Source data:

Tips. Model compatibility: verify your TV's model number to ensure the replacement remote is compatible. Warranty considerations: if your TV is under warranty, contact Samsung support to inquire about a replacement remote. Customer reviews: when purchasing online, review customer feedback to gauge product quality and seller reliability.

---

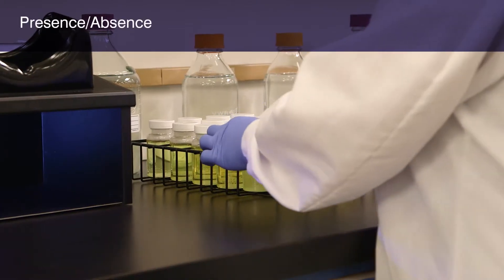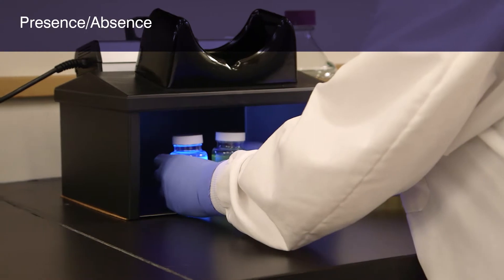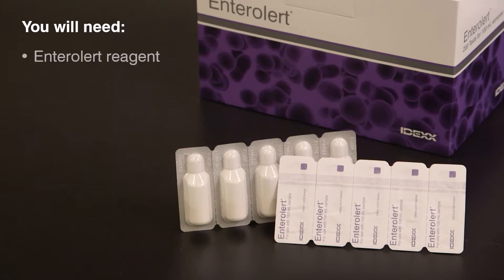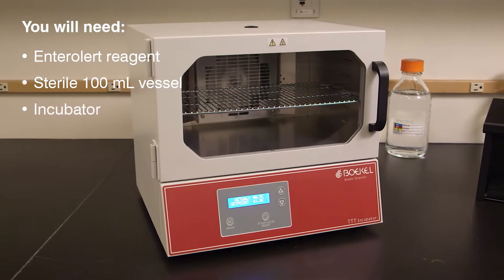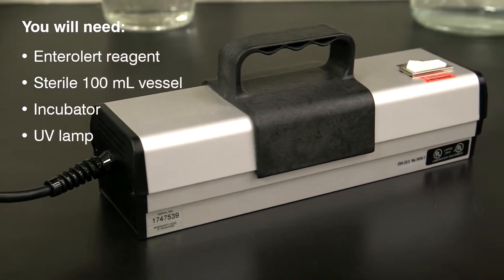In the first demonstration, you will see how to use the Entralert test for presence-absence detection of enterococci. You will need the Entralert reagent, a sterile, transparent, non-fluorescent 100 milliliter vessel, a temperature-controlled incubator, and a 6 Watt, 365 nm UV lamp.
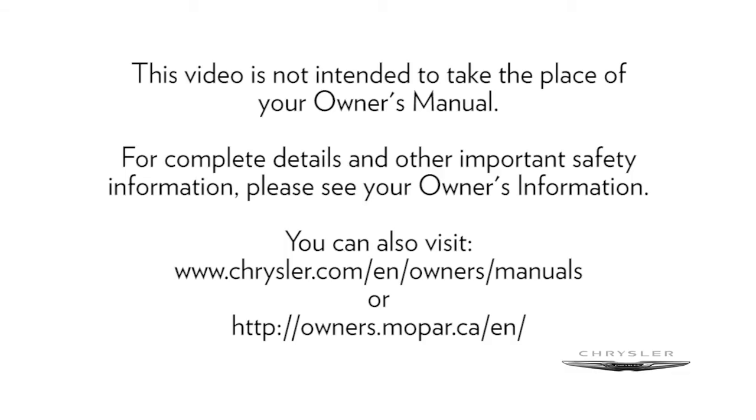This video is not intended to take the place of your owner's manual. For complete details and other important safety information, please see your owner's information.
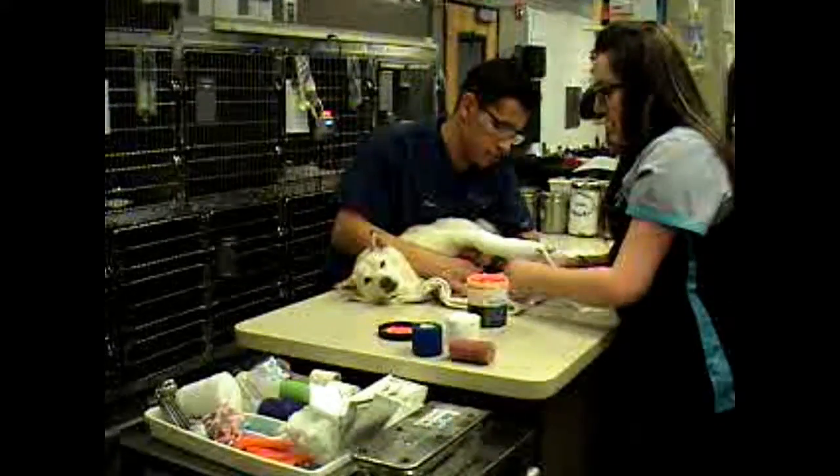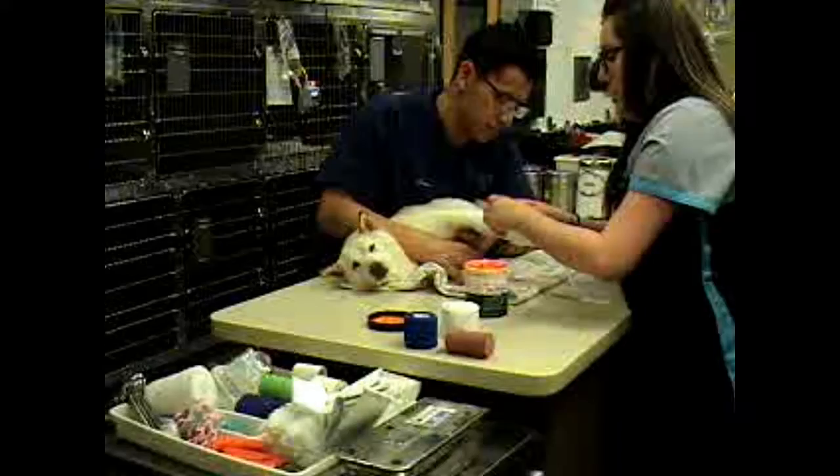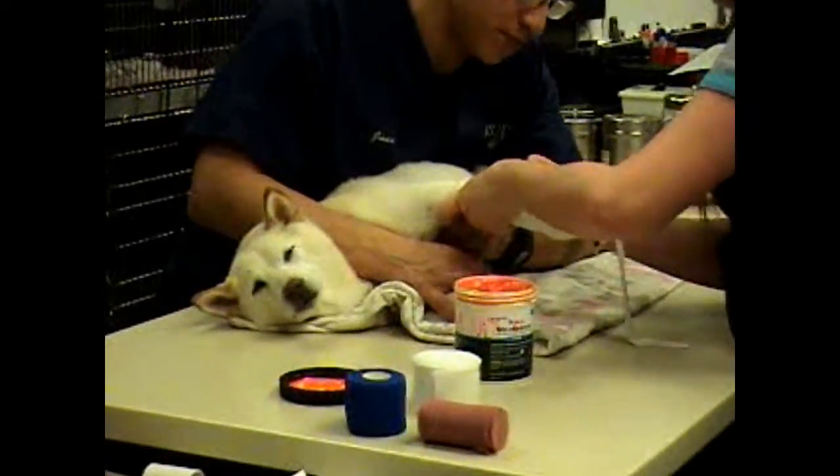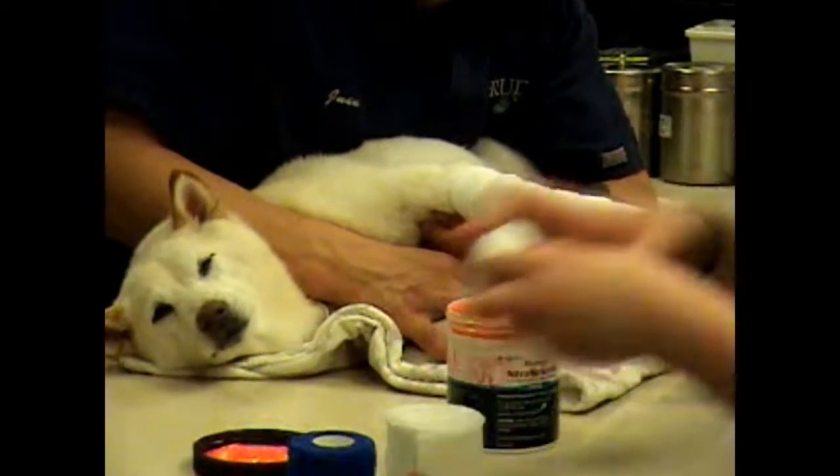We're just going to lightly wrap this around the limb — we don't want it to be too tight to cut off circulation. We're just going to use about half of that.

==

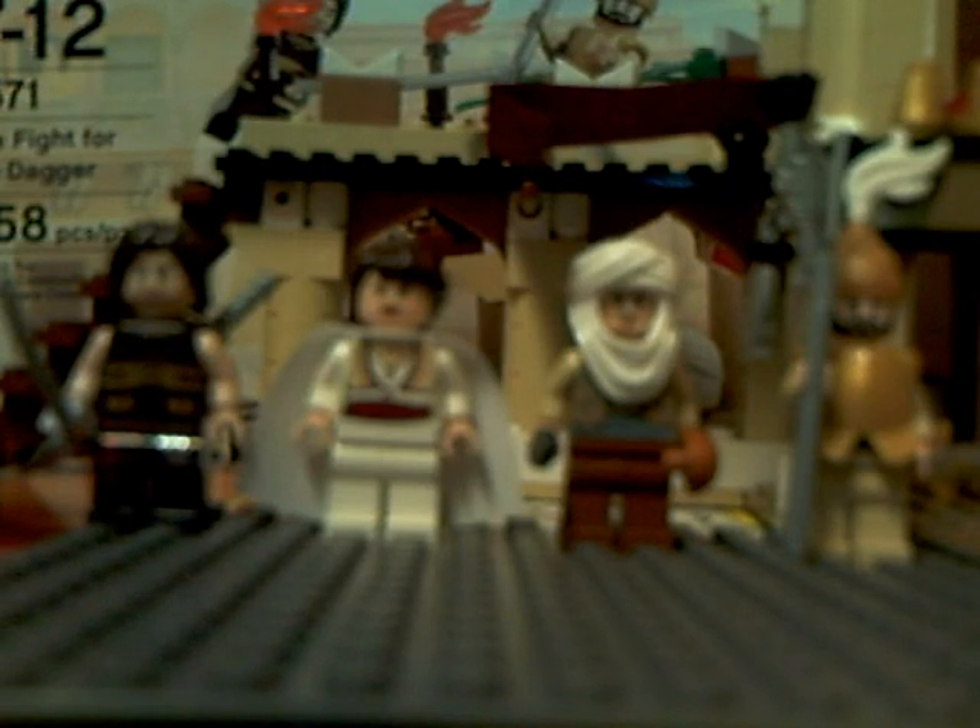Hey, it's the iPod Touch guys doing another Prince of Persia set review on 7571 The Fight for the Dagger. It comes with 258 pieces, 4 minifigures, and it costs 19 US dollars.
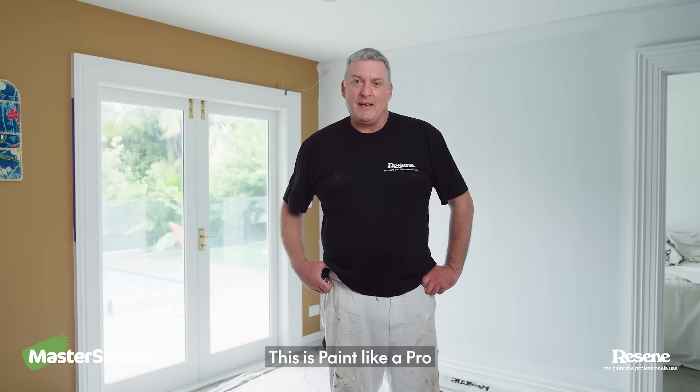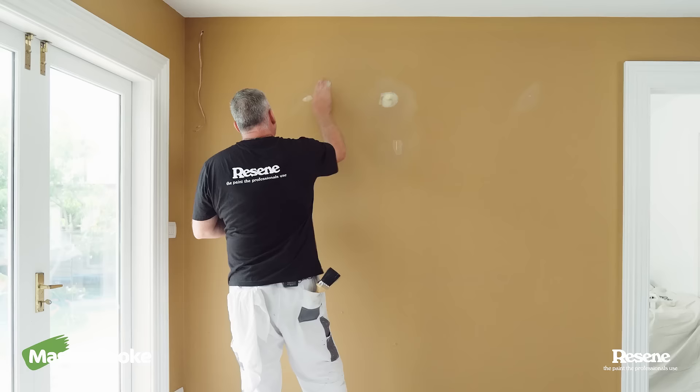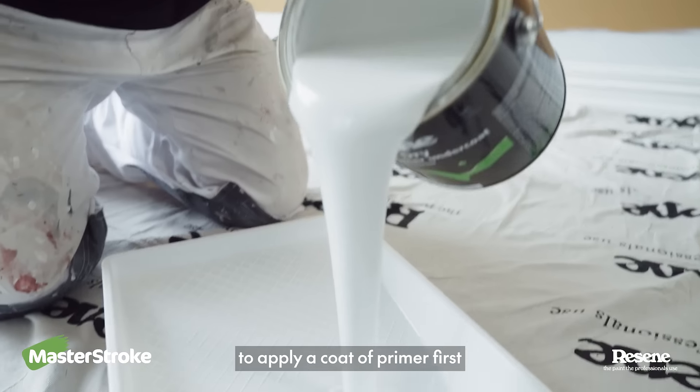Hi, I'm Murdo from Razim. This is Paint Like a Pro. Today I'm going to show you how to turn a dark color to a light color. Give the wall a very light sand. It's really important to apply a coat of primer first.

Exercise description:
Give the lines above again exactly, from the one containing "Hey, it's the" to the one containing "Hi, I'm Murdo", both included, but leave out the pictures.

Answer to this task:
Hey, it's the iPod Touch guys doing another Prince of Persia set review on 7571 The Fight for the Dagger. It comes with 258 pieces, 4 minifigures, and it costs 19 US dollars.
Hi, I'm Murdo from Razim. This is Paint Like a Pro. Today I'm going to show you how to turn a dark color to a light color. Give the wall a very light sand. It's really important to apply a coat of primer first.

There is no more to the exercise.